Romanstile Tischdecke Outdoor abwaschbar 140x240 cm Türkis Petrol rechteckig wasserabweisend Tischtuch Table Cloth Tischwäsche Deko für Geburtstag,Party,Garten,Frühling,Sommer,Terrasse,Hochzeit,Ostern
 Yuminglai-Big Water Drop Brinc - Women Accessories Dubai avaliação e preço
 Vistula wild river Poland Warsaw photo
..........
-- Prompt --
An exact transcription of all the material above is the expected answer.

-- Solution --
Romanstile Tischdecke Outdoor abwaschbar 140x240 cm Türkis Petrol rechteckig wasserabweisend Tischtuch Table Cloth Tischwäsche Deko für Geburtstag,Party,Garten,Frühling,Sommer,Terrasse,Hochzeit,Ostern
 Yuminglai-Big Water Drop Brinc - Women Accessories Dubai avaliação e preço
 Vistula wild river Poland Warsaw photo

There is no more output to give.